A stampede killed at least 717 people and injured hundreds more at the Haj in Saudi Arabia on Thursday, in one of the worst-ever tragedies at the annual Muslim pilgrimage.
It was the second deadly accident to hit the pilgrims this month, after a crane collapse in Mecca killed more than 100.
The stampede broke out in Mina during the symbolic stoning of the devil ritual, the Saudi civil defence service said.
Internet video showed bodies in piles, surrounded by discarded personal belongings and flattened water bottles.
In some areas rescue workers laid bodies in long rows on stretchers, limbs protruding from beneath white sheets.
The civil defence said it was still counting the dead, who included pilgrims from different countries.
At least 863 people were hurt, the agency said.
Rescuers respond to a stampede that killed and injured pilgrims in the holy city of Mina during the annual hajj pilgrimage on Thursday. (AP)
Iran announced that 90 of its nationals were among the dead.
King Salman ordered "a revision of the plans" for haj organisation so that pilgrims can "carry out their rituals in complete safety", the official Saudi Press Agency said.
Nearly two million people from across the globe were attending the haj, one of the largest annual gatherings in the world.
A Saudi minister blamed the pilgrims for the tragedy, saying they had not followed haj rules.
"Many pilgrims move without respecting the timetables" set for the haj, Health Minister Khaled Al Falih told El Ekhbariya television.
"If the pilgrims had followed instructions, this type of accident could have been avoided."
Saudi Crown Prince Mohammed bin Nayef, who chairs the kingdom's haj committee, ordered an investigation, and King Salman said he wanted the results quickly, SPA reported.
'Tripping all over each other'
The stampede began at around 9:00 am (0600 GMT), shortly after the civil defence said on Twitter it was dealing with a "crowding" incident in Mina, about five kilometres (three miles) from Mecca.

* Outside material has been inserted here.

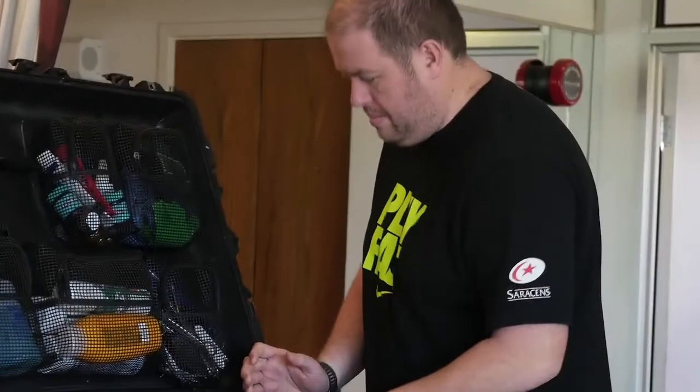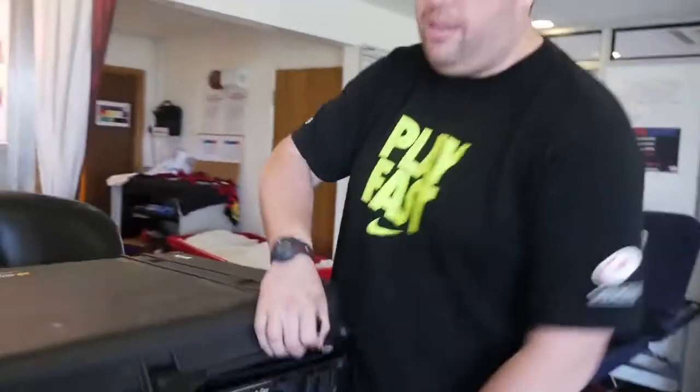We will pack this three days before the game, so we are ready to go at any time. And that is the case.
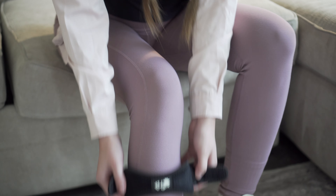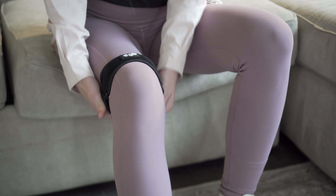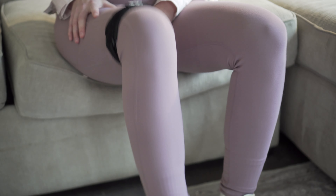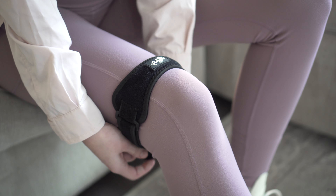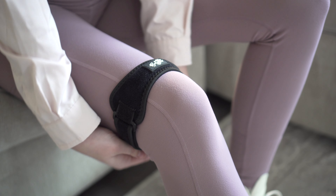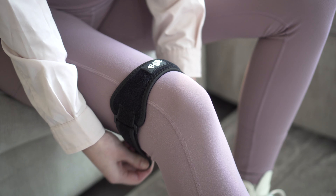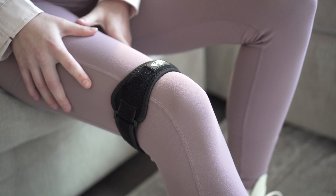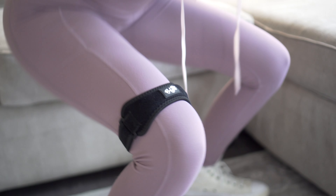To start, slip the strap on and put it up to your knee. The front center with the cushion should be directly under or above the kneecap depending on where you need support. Pull the straps to control the level of pressure until you find the right fit. The strap should fit snugly but comfortably and shouldn't be too tight. To test, you can bend your knees or squat to determine if it's placed properly.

Hundreds of thousands of pilgrims had converged on Mina to throw pebbles at one of three walls representing Satan, for the last major ritual of the haj which officially ends on Sunday.
Interior ministry spokesman General Mansur Al Turki said the stampede was caused when "a large number of pilgrims were in motion at the same time" at an intersection of two streets in Mina.
"The great heat and fatigue of the pilgrims contributed to the large number of victims," he said. Temperatures in Mina had reached 46 degrees Celsius (115 degrees Fahrenheit) Thursday.
The disaster came as the world's 1.5 billion Muslims marked Eid Al Adha, the Feast of Sacrifice, the most important holiday on the Islamic calendar.
Two million pilgrims
It was the second major accident this year for haj pilgrims, after a construction crane collapsed on September 11 at Mecca's Grand Mosque, Islam's holiest site, killing 109 people, including many foreigners.
The haj is among the five pillars of Islam, and every capable Muslim must perform it at least once in a lifetime.
For years it was marred by stampedes and fires, but it had been largely incident-free for nearly a decade following safety improvements.
In the last major incident, in January 2006, 364 pilgrims were killed in a stampede during the stoning ritual.
In 1990, 1,426 mainly Asian pilgrims died in a tunnel stampede at Mina after a ventilation system failure.
Thursday's tragedy occurred outside the five-storey Jamarat Bridge, which was erected in the last decade at a cost of more than $1 billion (893 million euros) and intended to improve safety.
Almost one kilometre (less than a mile) long, it resembles a parking garage and allows 300,000 pilgrims an hour to carry out the ritual.
Official figures released Thursday said 1,952,817 pilgrims had performed this year's haj, including almost 1.4 million foreigners.
There was little immediate information on the nationalities of the dead, though officials in Turkey said at least 18 of its citizens were reported missing.
Condolences came from capitals around the region and the globe, including from UN Secretary General Ban Ki-moon.
Washington calling the stampede "heartbreaking".
"We join you in mourning the tragic loss of these faithful pilgrims," said US National Security Council spokesman Ned Price.
British Prime Minister David Cameron tweeted: "My thoughts and prayers are with the families of those killed at the haj pilgrimage."
The faithful had gathered until dawn Thursday at nearby Muzdalifah where they chose their pebbles and stored them in empty water bottles.
Muslims worldwide commemorated Abraham's willingness to sacrifice his son by slaughtering cows, sheep and other animals on Thursday.
Celebrations of Eid Al Adha were also marred in neighbouring Yemen, where a suicide bomber struck a mosque in the capital Sanaa in an attack targeting Shiite worshippers.
At least 25 people died in the attack.